**Exercise goal:** Working from the top of the listing below, retype each line through the line containing "Blumenwiese Apartman *", both included, with no pictures.

**Data for this task:**
++++++++

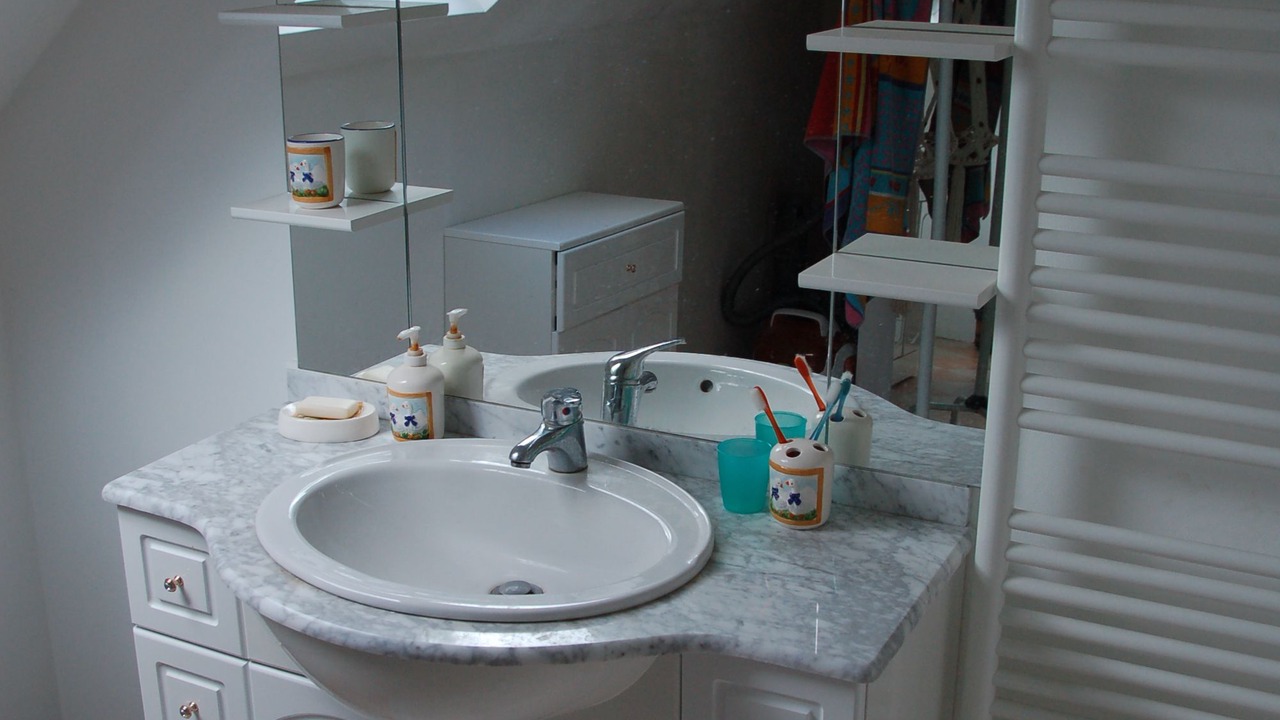 Photo of Bathroom in Saint-Denis-en-Val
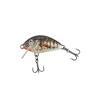 Floating Holo Stickleback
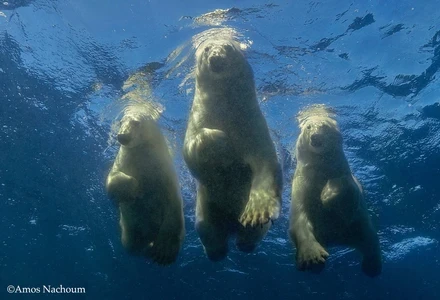 swim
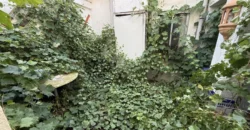 Casa independiente en pleno centro de la ciudad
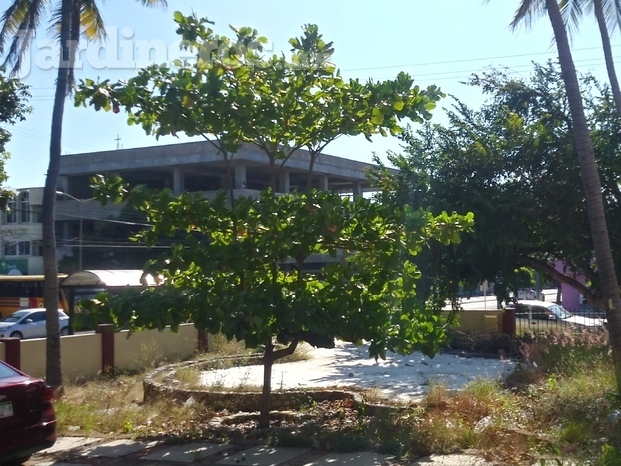 Plantación de especies arbóreas.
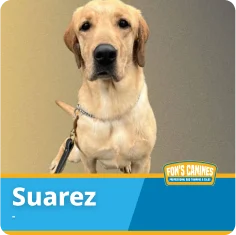 A yellow Labrador Retriever named Suarez sits facing the camera, wearing a collar and leash. A "Foh's Canines" logo appears at the bottom.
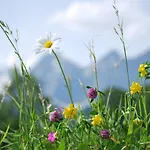 Blumenwiese Apartman *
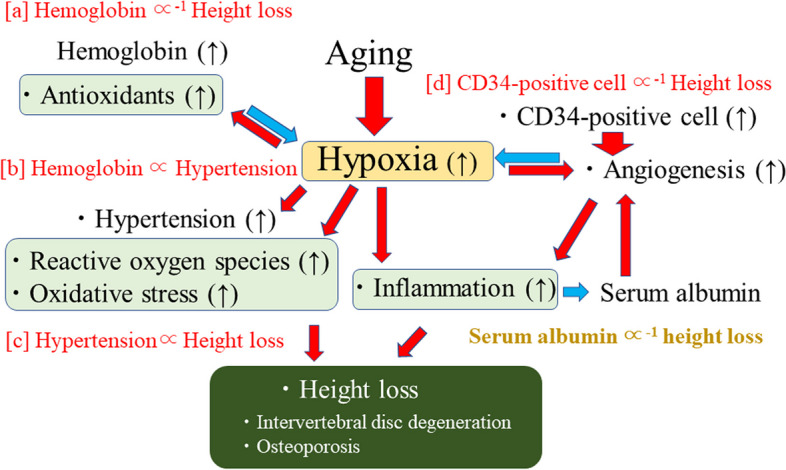 Association between serum albumin levels and height loss in Japanese workers: a retrospective study.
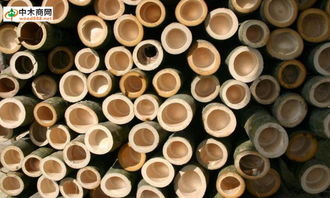 一站式服務，盡在中木商網 木材采購與資訊的首選平臺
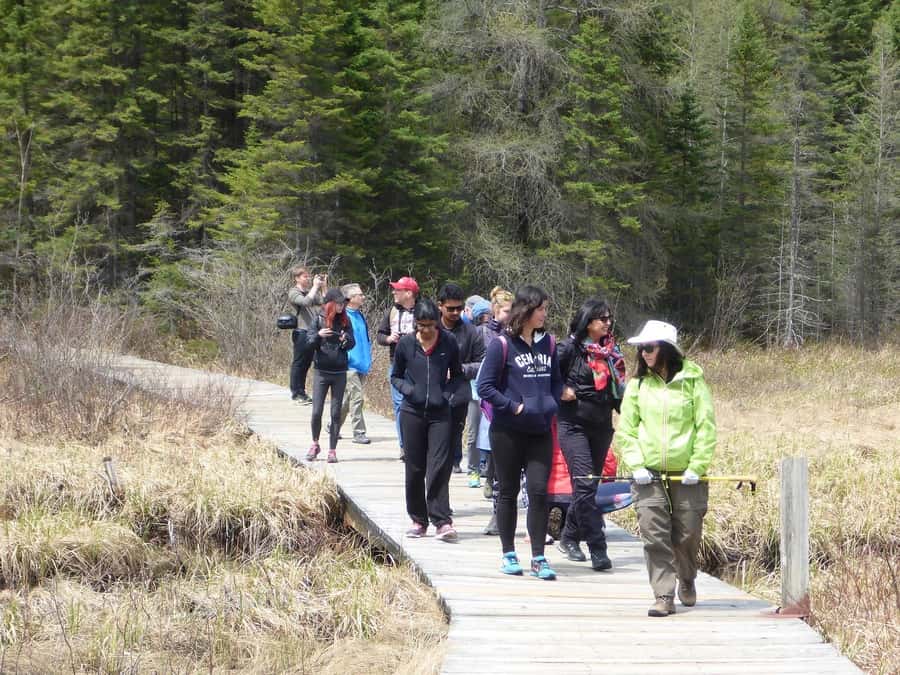 Algonquin Park Hiking: Adventure Tour from Toronto - Practical packing advice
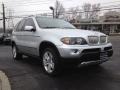 Titanium Silver Metallic - X5 4.4i Photo No. 3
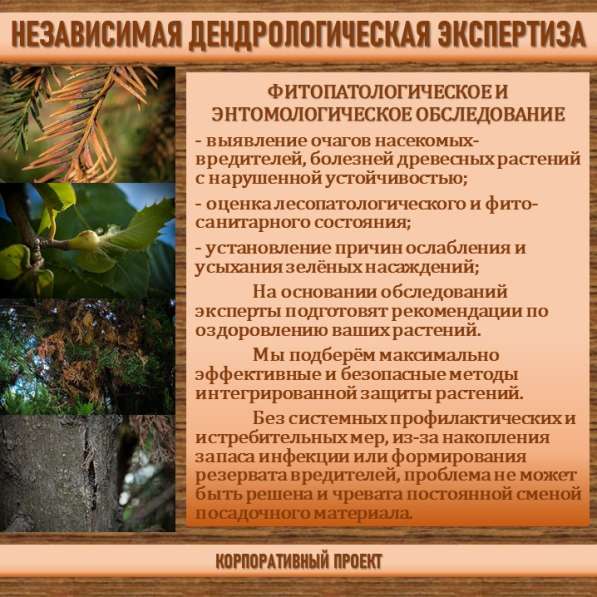 СИСТЕМА УПРАВЛЕНИЯ ФИТОСАНИТАРНЫМ СОСТОЯНИЕМ ЭКОСИСТЕМ в Сочи фото 18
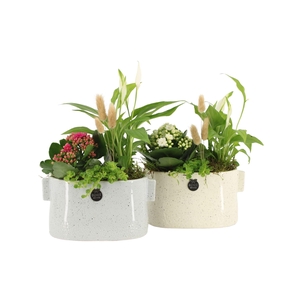 41530: Consideration arrangement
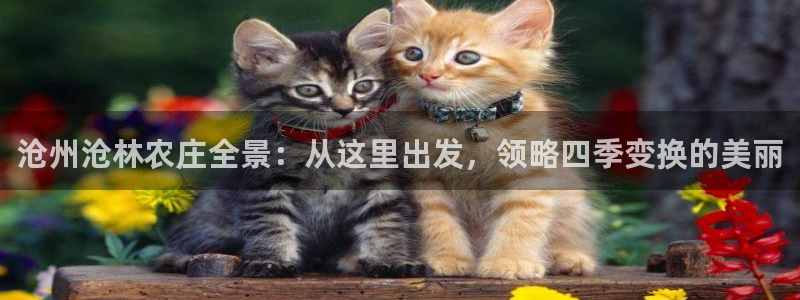 今金年会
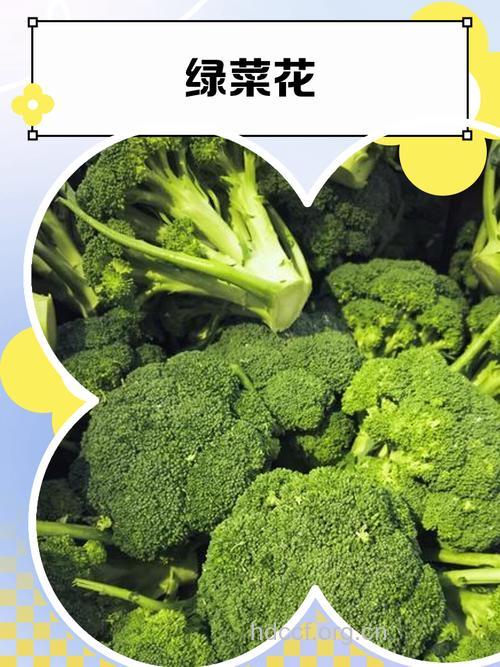 绿菜花对预防哮喘的效果怎么样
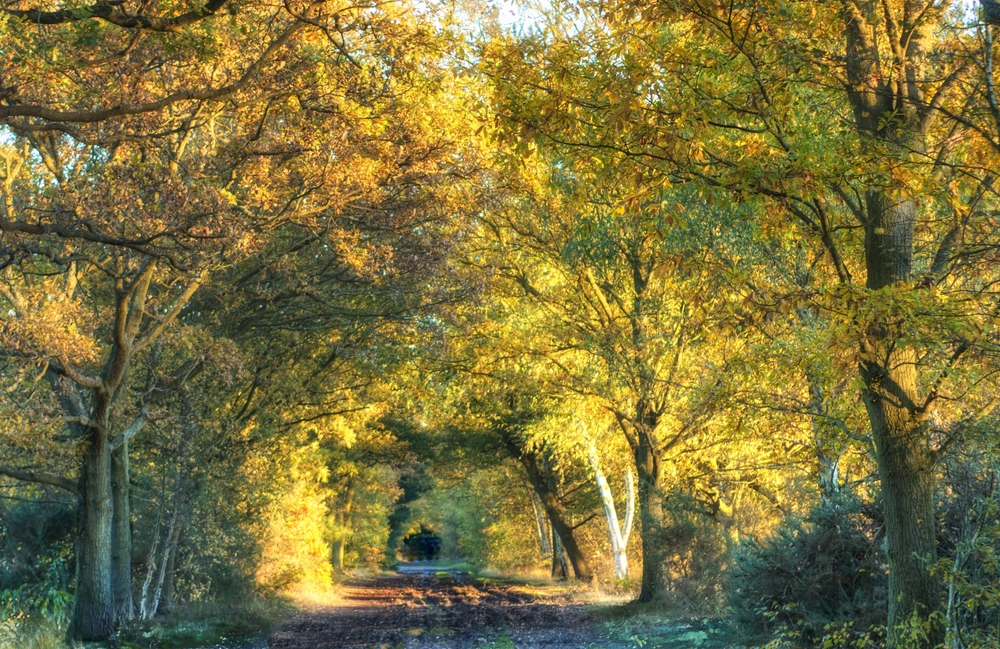 Wimbledon and Putney Common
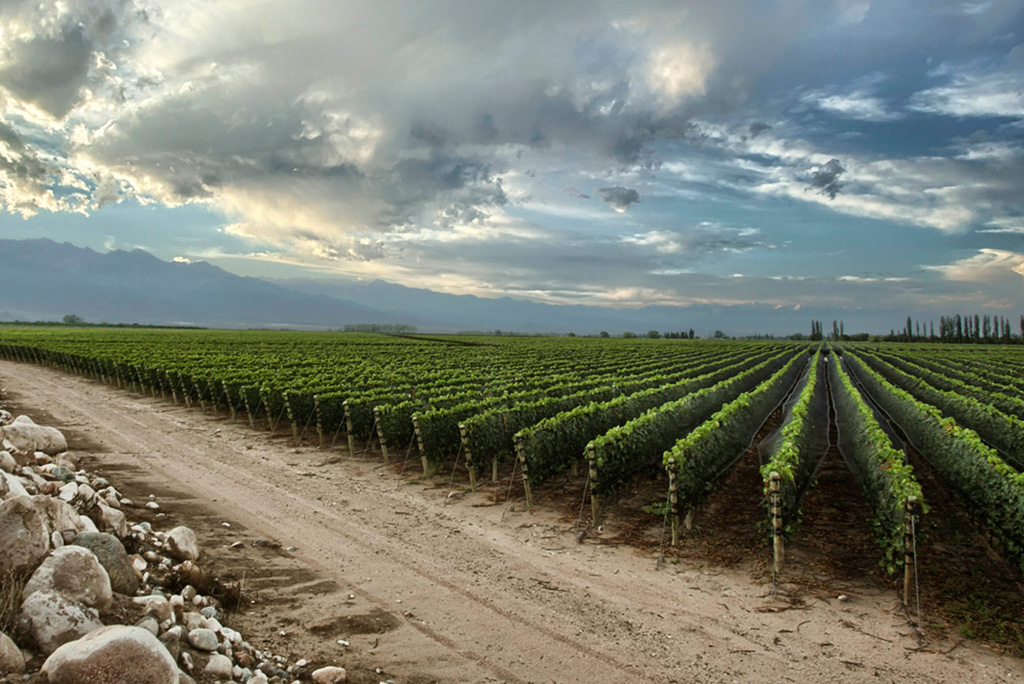 Bodega Zuccardi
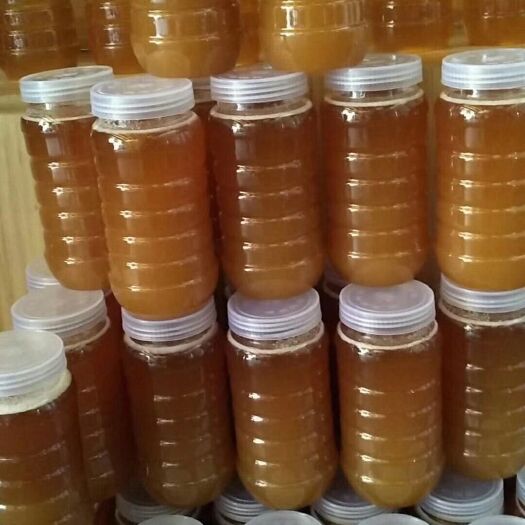 揭阳 农家土蜂蜜，有荔枝蜜，龙眼蜜，冬蜜。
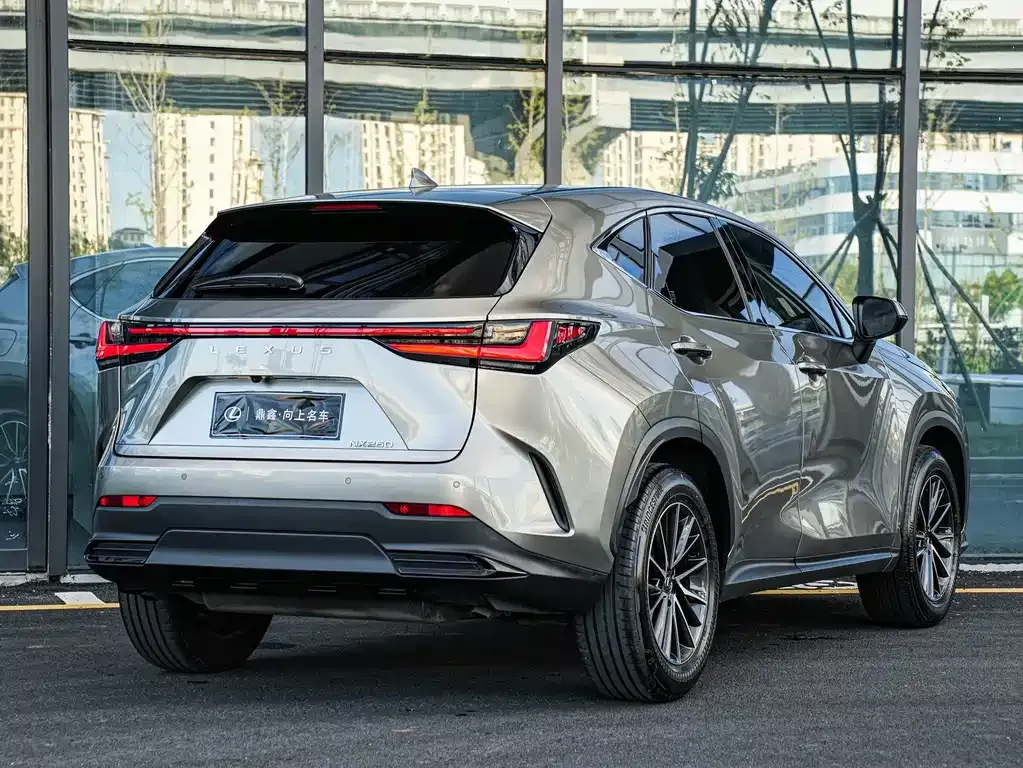 Lexus NX 2023 из CN, фото 4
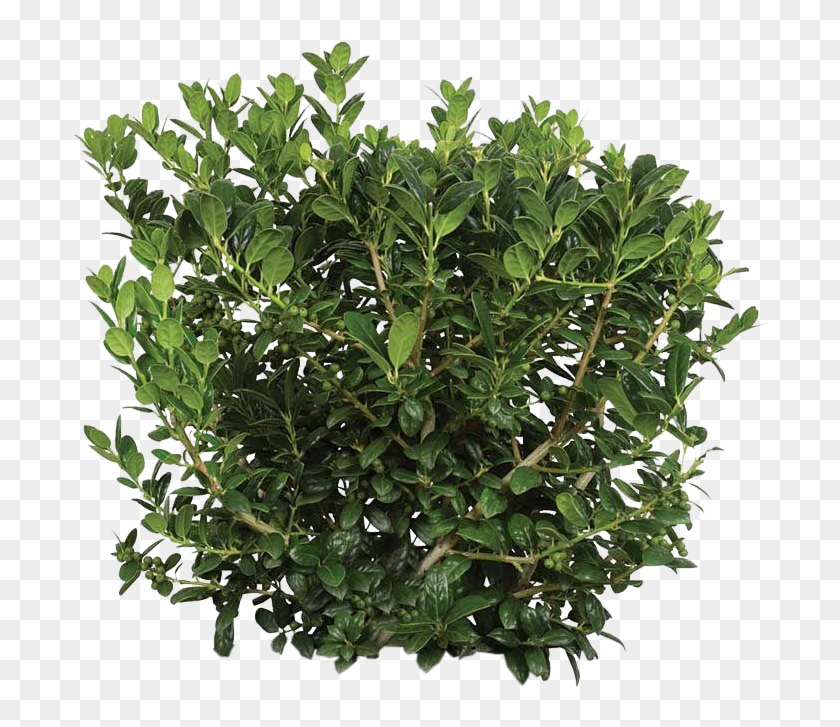 Dwarf Buford Holly - 3 Gallon Burford Holly Clipart #5160712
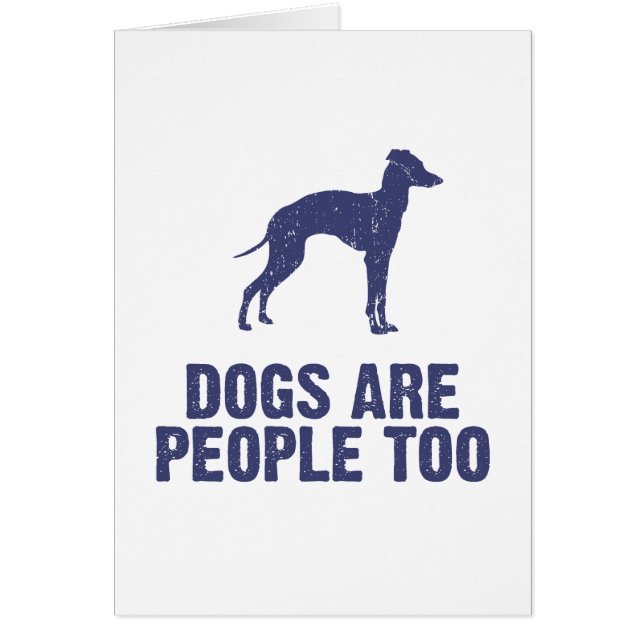 Italienischer Windhund (Vorne)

++++++++

**Answer to this task:**
 Photo of Bathroom in Saint-Denis-en-Val
 Floating Holo Stickleback
 swim
 Casa independiente en pleno centro de la ciudad
 Plantación de especies arbóreas.
 A yellow Labrador Retriever named Suarez sits facing the camera, wearing a collar and leash. A "Foh's Canines" logo appears at the bottom.
 Blumenwiese Apartman *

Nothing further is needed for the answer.